Under normal load, different processing activities are with a small distance on the time axis. Internal caching increases efficiency (flattening away the pipeline segregation). As an additional efficiency measure, the data of small infotons are put in the same queue as the ingest command message, so that the data is read by a sequential (efficient) process rather than a random-access fetch. (In practice, most infotons are small enough for this type of handling.)

Additional features of dynamic throughput management are:

  • Each node runs multiple ES and CAS processes to handle ingestion.
  • Write requests are performed asynchronously.
  • A "backpressure" mechanism is used, whereby CM-Well may return "Server is Busy" errors if its queues are too full. It then becomes the caller's responsibility to manage retries.
  • Several streaming requests can be handled in parallel, as they refer to chunks (lists of infotons) with no overlap in timestamp.

Virtual Queues

Many CM-Well operations are applied to large groups of infotons, such as:

  • Streaming
  • Data center synchronization (replication)
  • Any batch processing of data from CM-Well

CM-Well does not manage in-memory queues for infotons waiting to be processed. Instead, it can be said to manage such groups with a "virtual queue" paradigm. All infotons have a timestamp, indicating the time the infoton was written or updated. CM-Well retrieves groups of infotons to be processed by querying for them according to their timestamp (among other filters). Infotons are then processed roughly in order of their timestamp. CM-Well maintains a "time cursor" that indicates that timestamp of the last infoton processed. This allows an operation to be interrupted and resumed as the same place by querying according to the time cursor. Streaming operations are also managed with a time cursor (the token that the user receives for each chunk and supplies to retrieve the next chunk). (However, chunks obtained by a streaming request are not sorted internally.)
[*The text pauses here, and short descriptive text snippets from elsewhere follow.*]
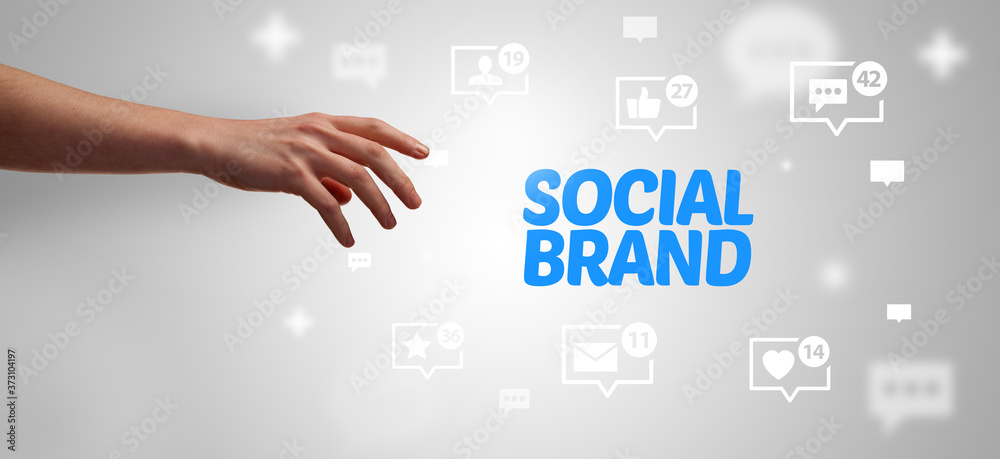 Close-Up of cropped hand pointing at SOCIAL BRAND inscription, social networking concept Close-Up of cropped hand pointing at SOCIAL BRAND inscription, social networking concept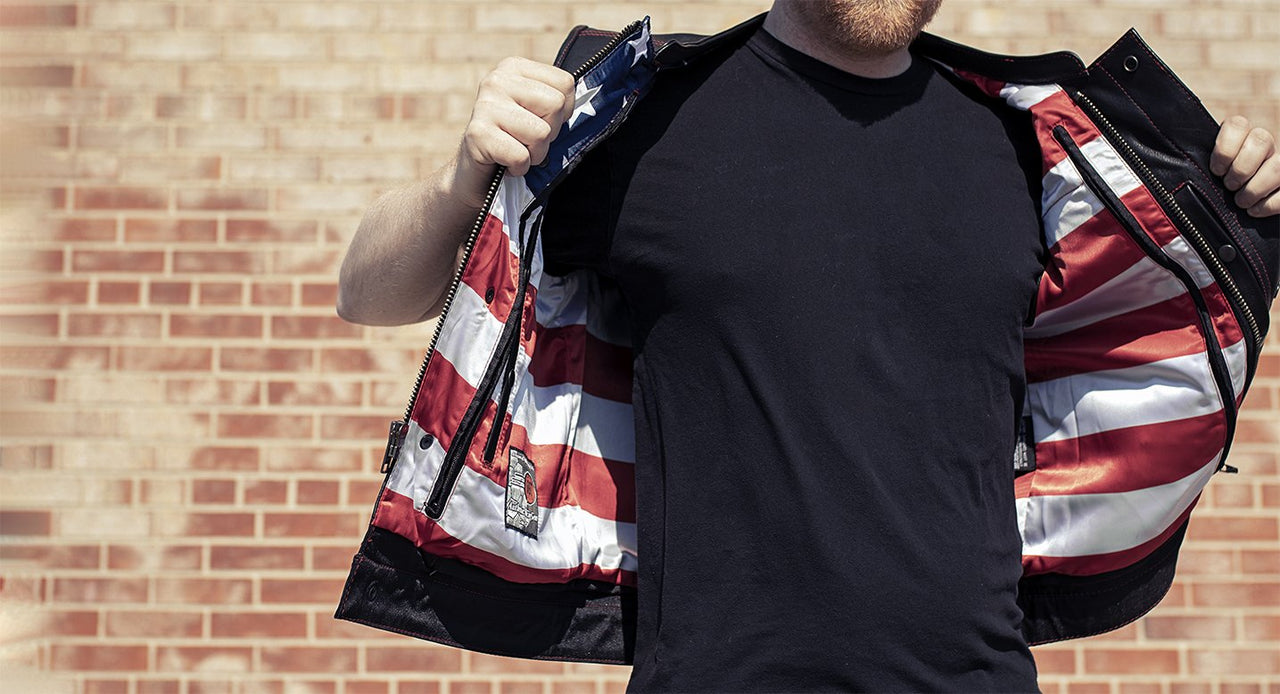 Club style with banded collar, covered snaps and cropped center zipper. Two buttoned chest pockets. Two buttoned slash pockets. American flag liner. Red Stitch. Two concealed carry pockets with tapered holsters (quick access on left hand side). Interior cellphone pocket. Single back panel. Satin lining with easy access panels for patches and embroideries.
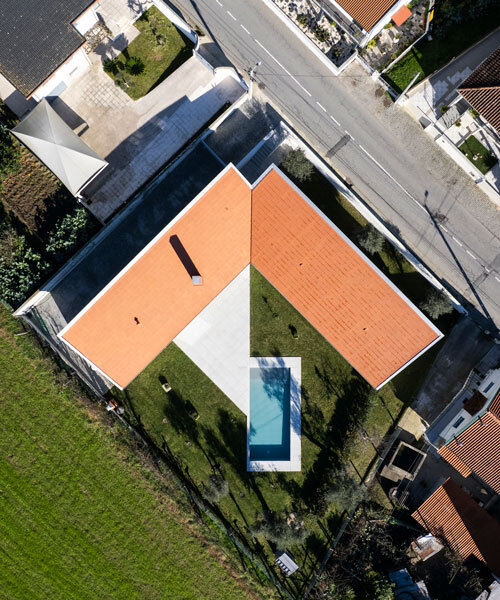 sculptural chimney pierces L-shaped house by martins architecture office in portugal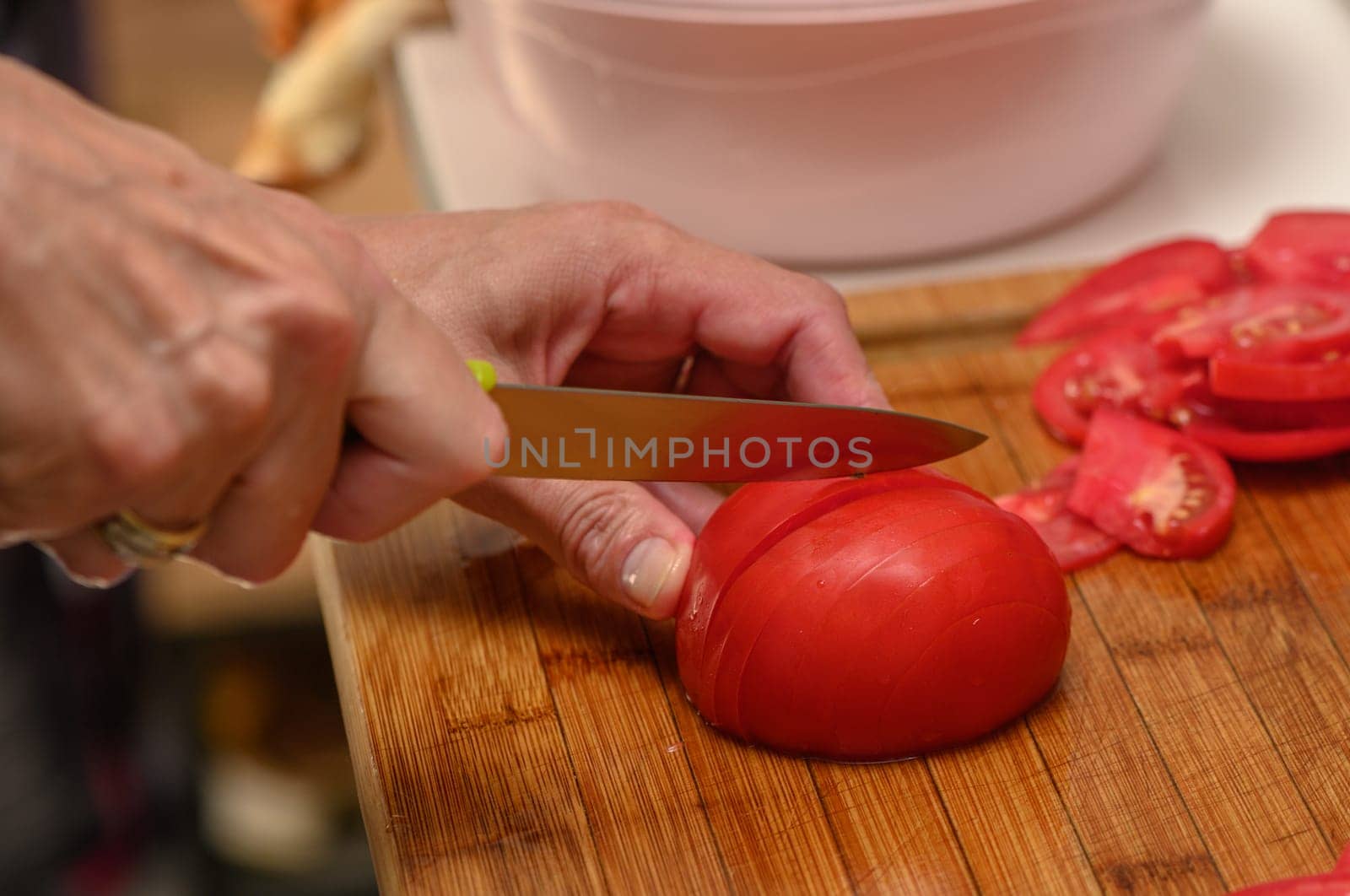 woman cutting tomato on kitchen board 3 by Mixa74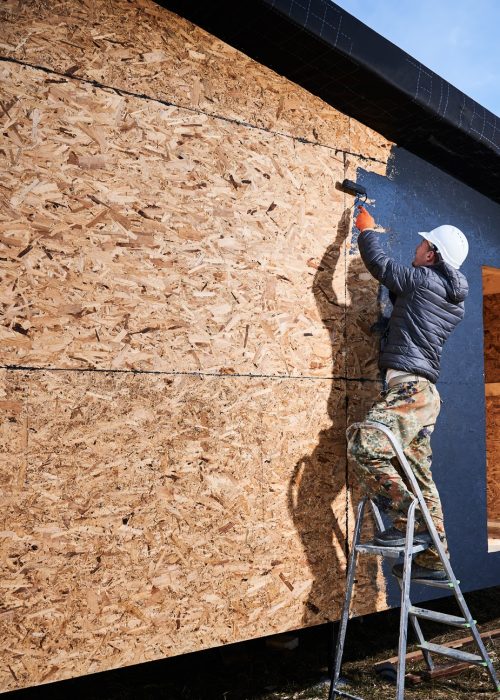 Male painter using paint roller, doing exterior paint work while building wooden frame house.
The image below illustrates how virtual queues work. Each circle represents an infoton, while its number represents its timestamp (simplified to an integer for the illustration). Infotons are stored and indexed by timestamp. Queries by timestamp (and optionally other filters) return "chunks" of infotons, whose timestamp is smaller than or equal to the requested timestamp. (Note that each chunk is not necessarily sorted internally by timestamp.) If a batch process (such as streaming) is interrupted, all the client has to do is to resume the request, starting from the last timestamp that was successfully processed.

image

Efficient Directory Structure

Rather than each Directory infoton knowing which child infotons it contains, each child contains its path information ("knows who its parent is"). This prevents the need to maintain and update large and constantly-growing blocks of data containing directory contents.